▶ **RECORDS TO PROCESS**
= = =
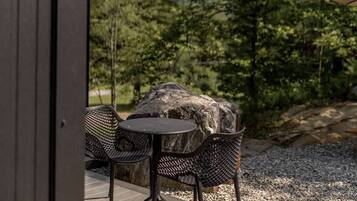 An outdoor seating area with a table and chairs, surrounded by a gravel path and a wooden deck.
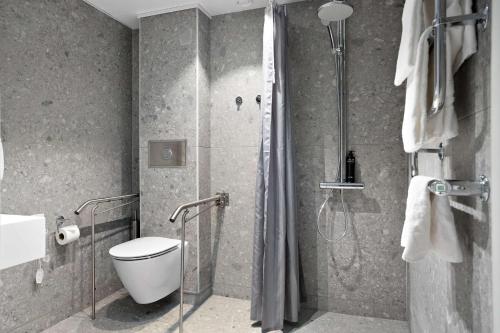 a bathroom with a shower with a toilet and a sink at Best Western Gustaf Froding Hotel & Konferens in Karlstad
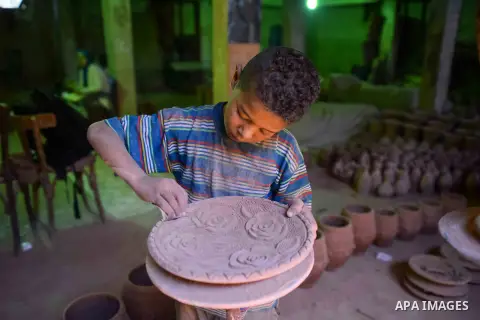An Egyptian boy works at a pottery workshop in Cairo, on July 24, 2016. Pottery is an ancient and traditional craft in Egypt. Local workshops usually produce products such as bowls, pitchers, flower pots, and vases. Phot...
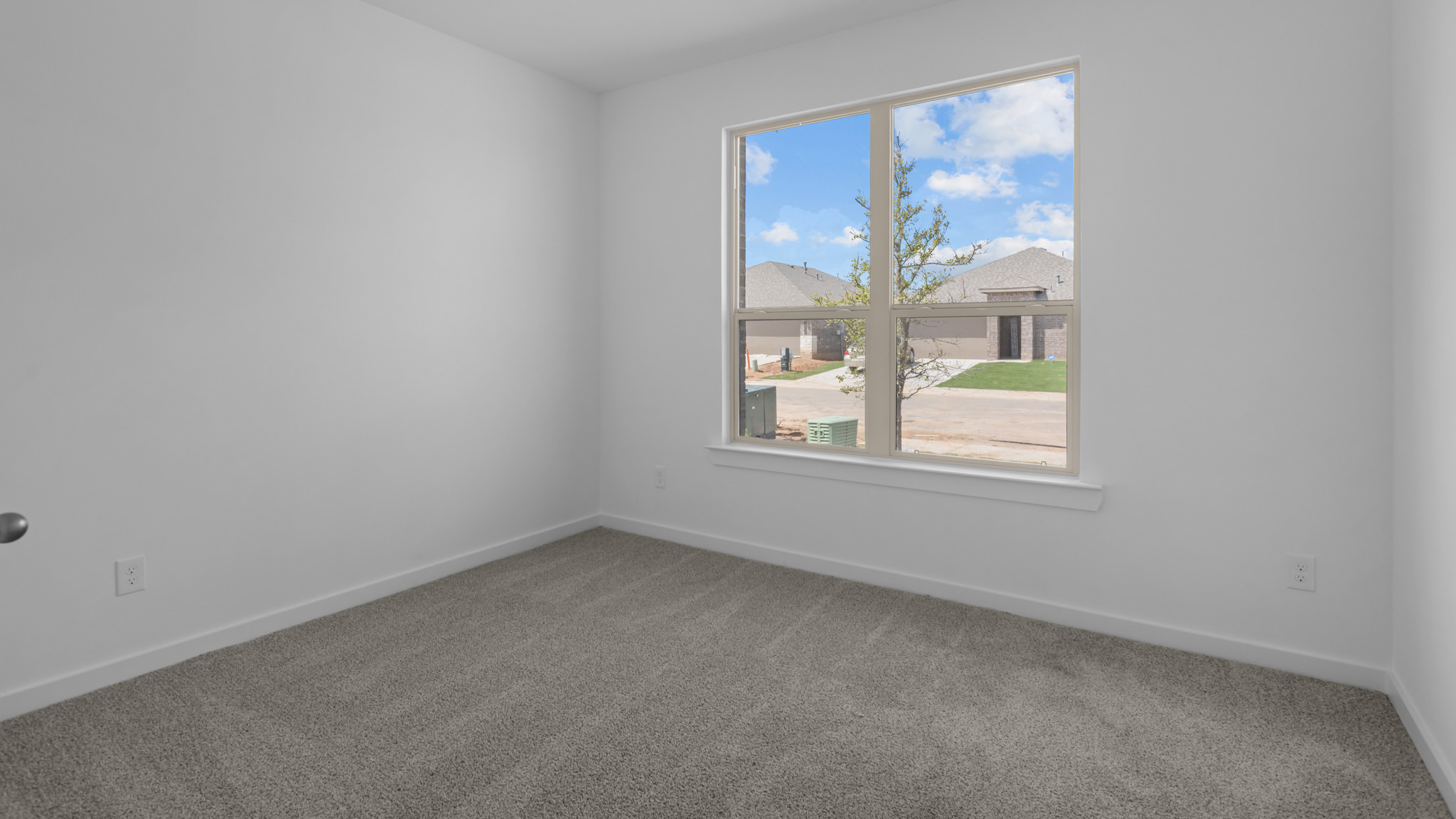 Guest bedroom 1 with front windows and ample natural light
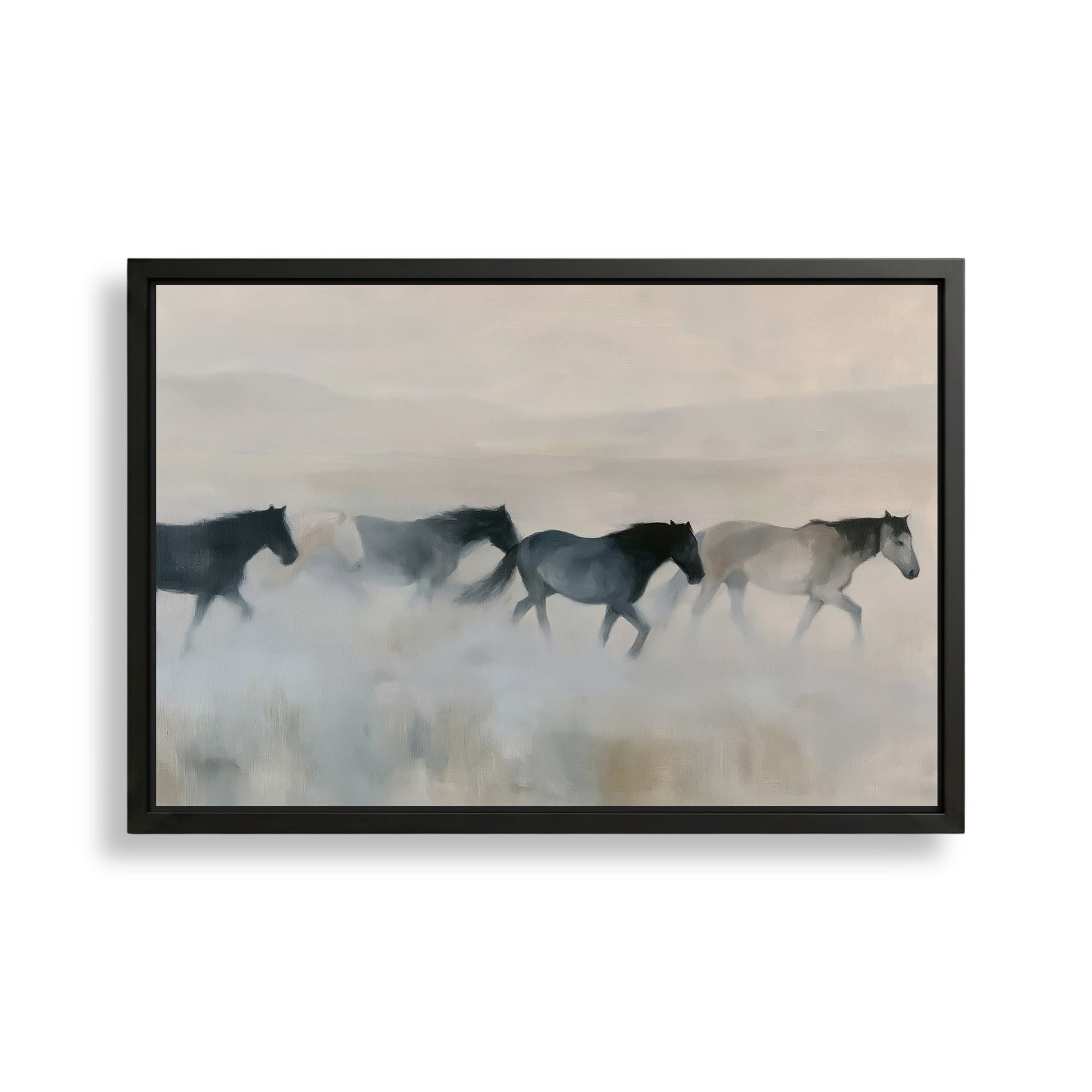 A group of horses running across a field, with a hazy, misty background.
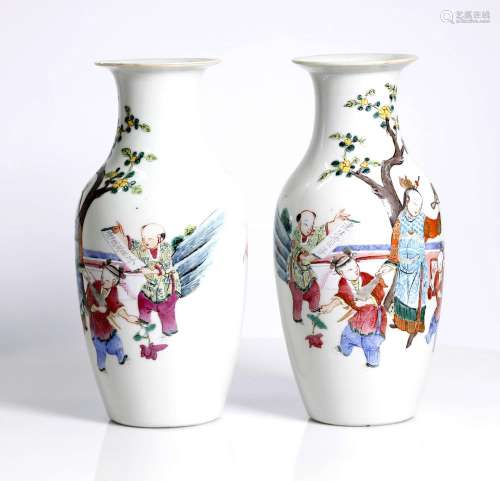 A pair of Chinese porcelain vases, depicting young boys. Republic period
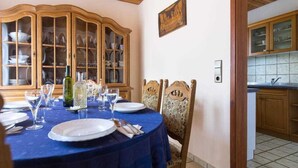 Comedor con una mesa redonda dispuesta para seis comensales, rodeada de sillas de madera con diseños elaborados. Se observa un aparador de madera con puertas de cristal que exhibe vajilla y cristalería.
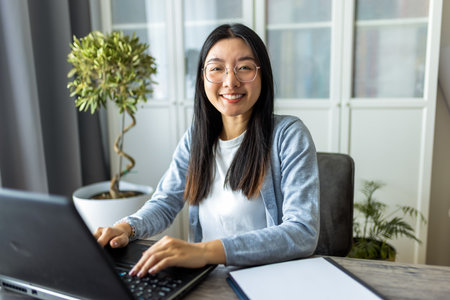 Thai woman sits at a desk in a comfortable home environment, focused on her computer as she works remotely.の写真素材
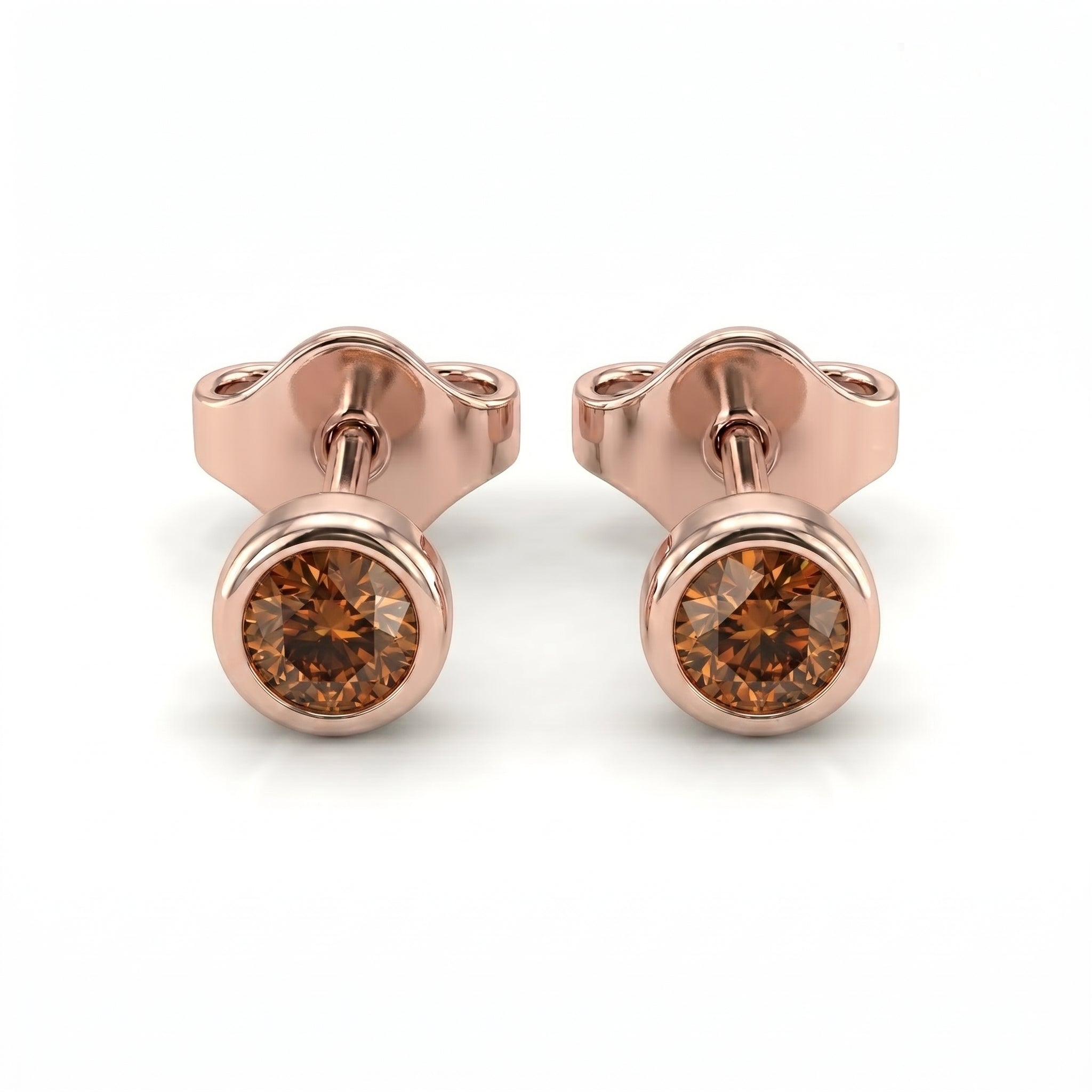 Natural cognac diamond bezel stud earrings in 14K rose gold — pair product view on white background
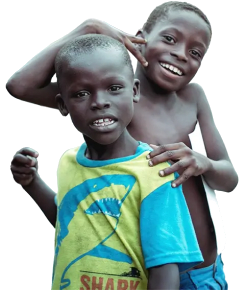 Two smiling boys posing together, one with his arm around the other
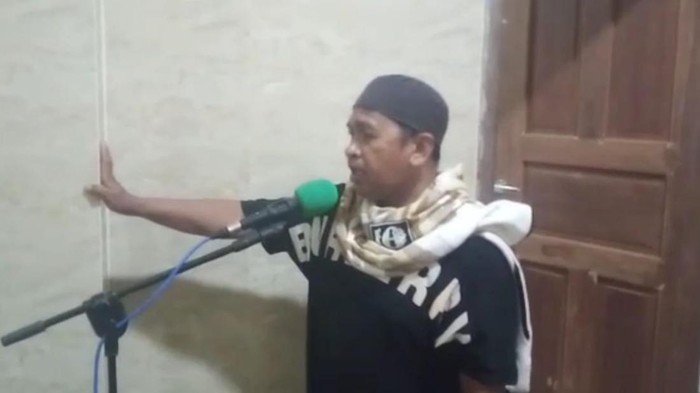 Seorang warga mengumumkan penolakan kebijakan penggantian ketua RT/RW di masjid.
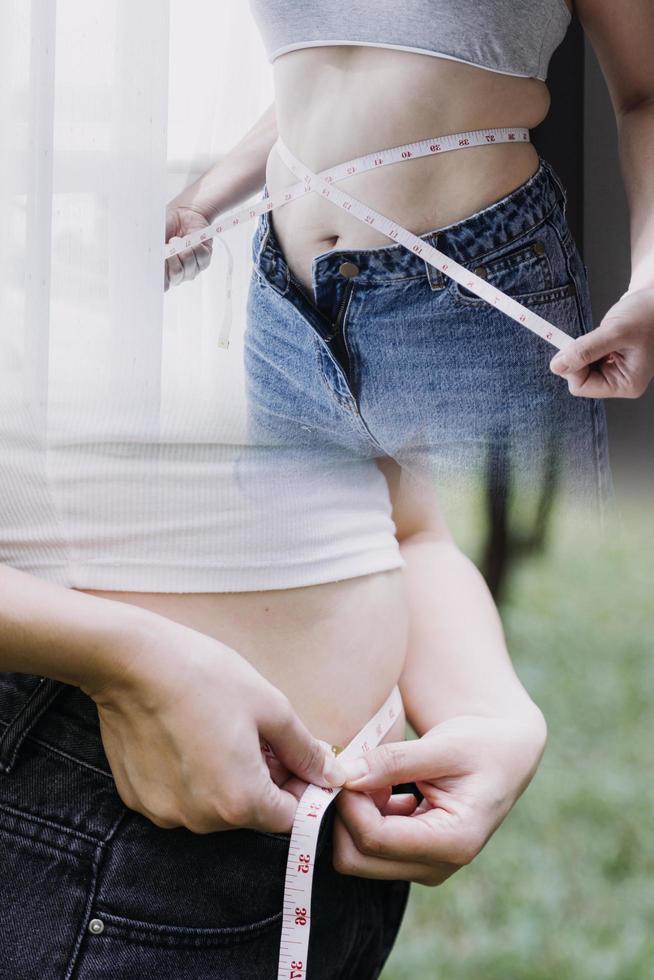 hermosa mujer gorda con cinta métrica usa su mano para exprimir el exceso de grasa que está aislado en un fondo blanco. ella quiere perder peso, el concepto de cirugía y descomponer grasa bajo el foto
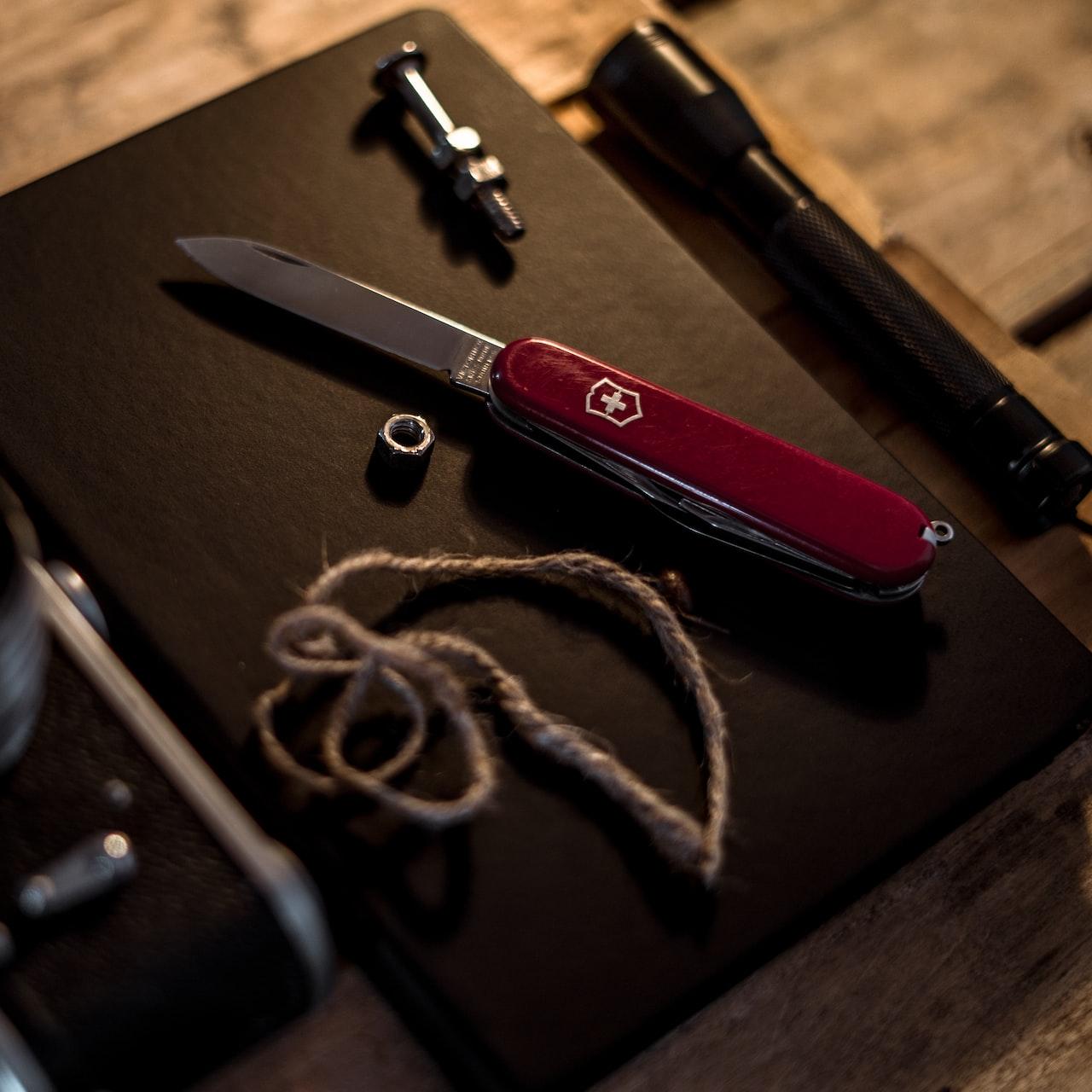 red and silver pocket knife beside black and silver camera lens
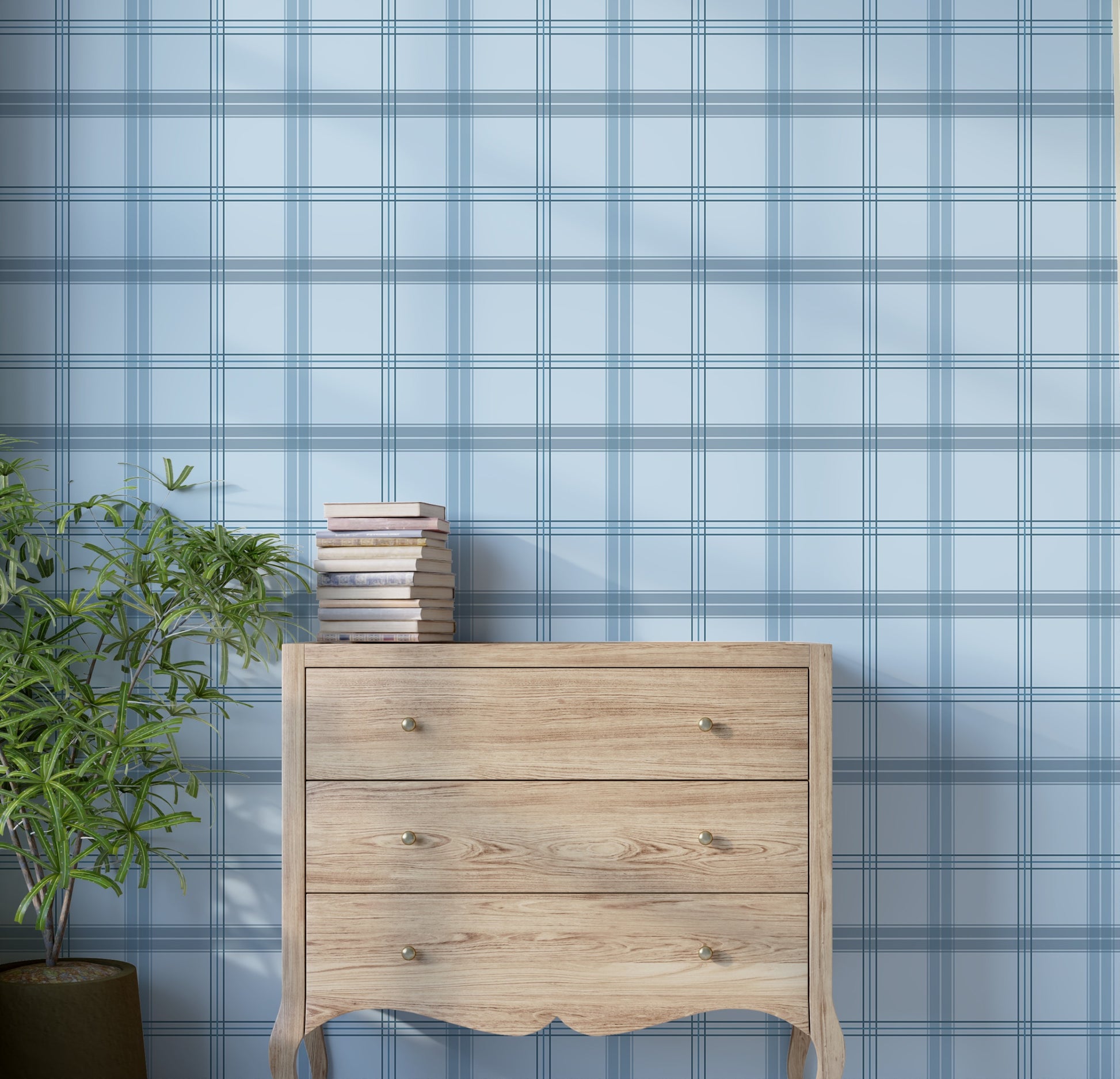 A serene interior space features a classic plaid wallpaper in light steel blue and cream tones.
The textured design displays a detailed grid pattern with intersecting blue, grey, and white lines.
In front, a rustic wooden chest of drawers stands against the wall holding a stack of books.
The charming interior setting is completed by a leafy green potted plant placed on the left side.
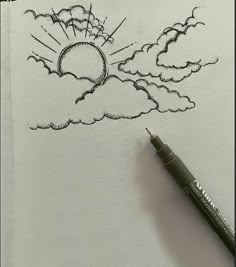 a drawing of a sun and clouds with a pen on top of the paper next to it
= = =
▶ **YOUR TASK**
Print, exactly as written, the lines from the one containing "The charming interior" to the end of the material, both ends included, and nothing else; no pictures.

▶ **SOLUTION BELOW**
The charming interior setting is completed by a leafy green potted plant placed on the left side.
 a drawing of a sun and clouds with a pen on top of the paper next to it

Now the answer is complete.